Identifying soil organic carbon fractions sensitive to agricultural management practices

• Significant relationships occurred between total organic C and labile C fractions.
• Particulate organic C was most sensitive to changes in tillage and N fertilization.
• Permanganate oxidizable C was intermediately sensitive to long-term management.

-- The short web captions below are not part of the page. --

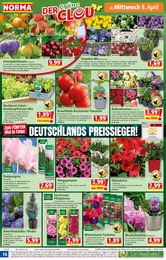 Norma Grünpflanzen im Prospekt Norma Grünpflanzen im Prospekt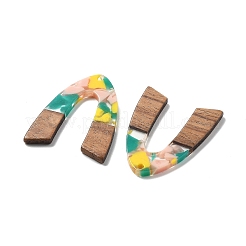 Подвески из смолы и ореха&nbsp;FIND-R051-11F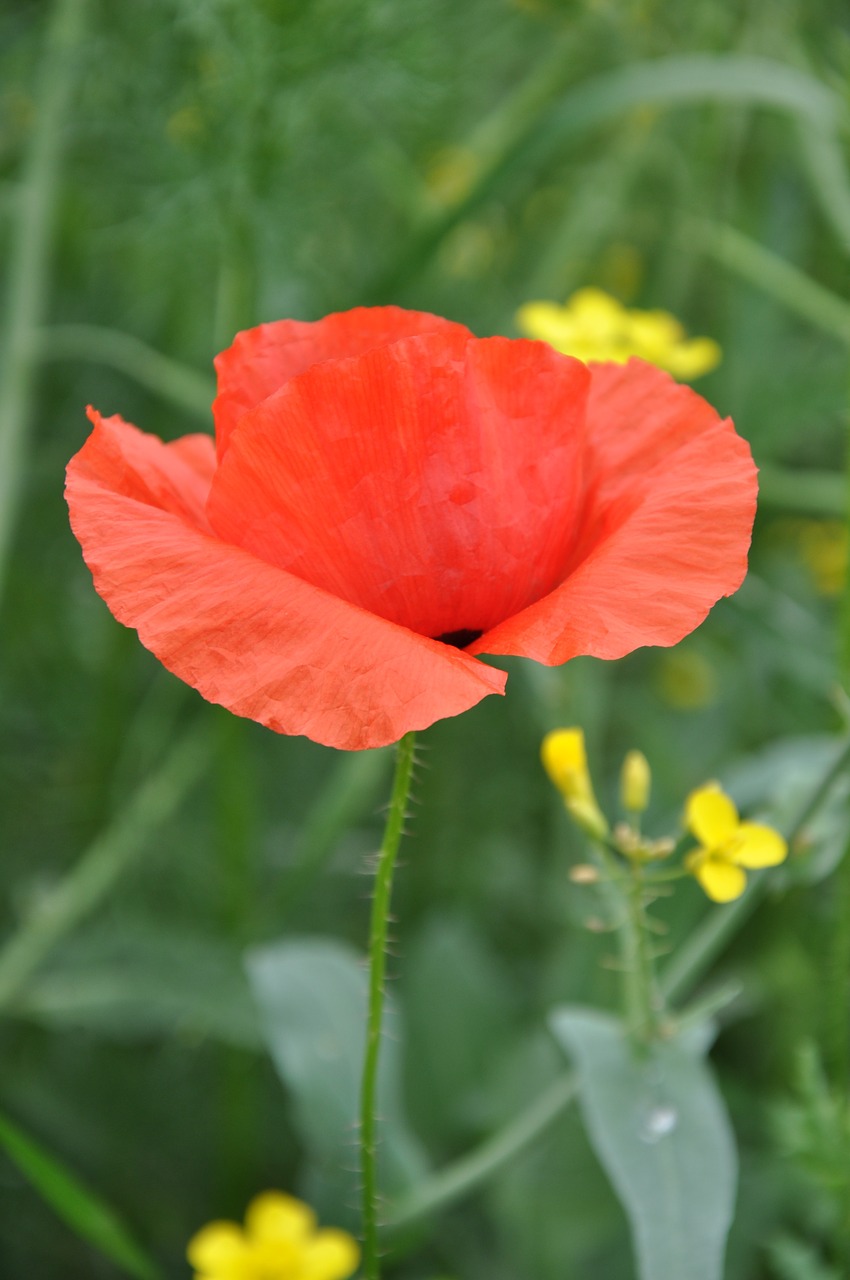 poppy field red poppy free photo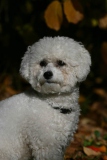 Bichon Frise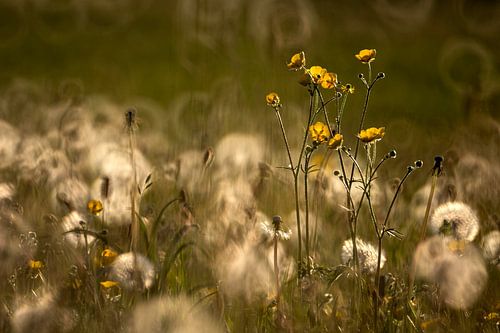 Boterbloemen in volle glorie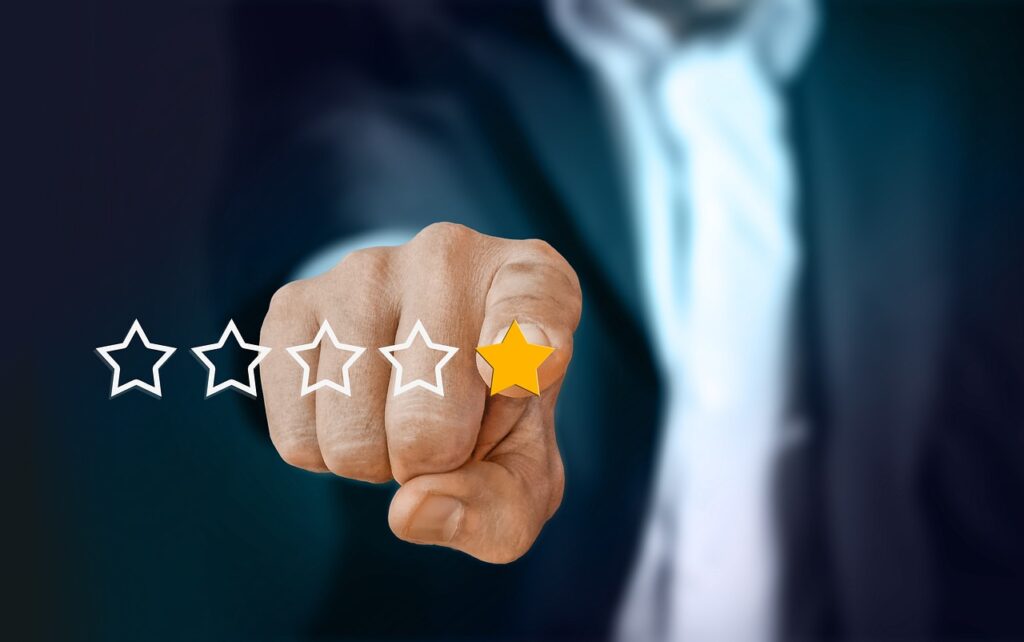 Independent Peer Review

Agricultural management practices play a major role in the process of SOC sequestration. However, the large background of stable carbon (C) already present in the soil and the long period of time usually required to observe changes in soil organic carbon (SOC) stocks have increased the necessity to identify soil C fractions with a fast response to changes in agricultural management practices. Consequently, we quantified the response of total SOC, permanganate oxidizable organic carbon (POxC), particulate organic carbon (POC) and the carbon concentration of water-stable macroaggregates, microaggregates within macroaggregates and the silt-plus clay-sized fraction (M-C, mM-C, s+cM-C, respectively) to changes in management. We chose a long-term tillage and N fertilization field experiment (18 years) located in NE Spain. In the first 5 cm depth under no-tillage (NT) compared with conventional tillage (CT), the POxC fraction and total SOC increased similarly (about 59%). However, other C pools studied (i.e., M-C, M-POxC, mM-C, POC and s+cM-C) had lower increases with values ranging from 17% to 31%. For the 5–20 and 20–40 cm soil depths, the POC was the most sensitive fraction to tillage with 46% and 54% decrease when NT was compared to CT, respectively. Likewise, the POC fraction presented the highest response to N fertilization in the three depths studied (i.e., 0–5, 5–20 and 20–40 cm). The mM-C and s+cM-C fractions presented the lowest sensitivity to changes in tillage and N fertilization management. Our results showed that the POC fraction had the greatest sensitivity to changes in agricultural management practices, proving its ability as an early indicator of optimized practices to sequester C in soil.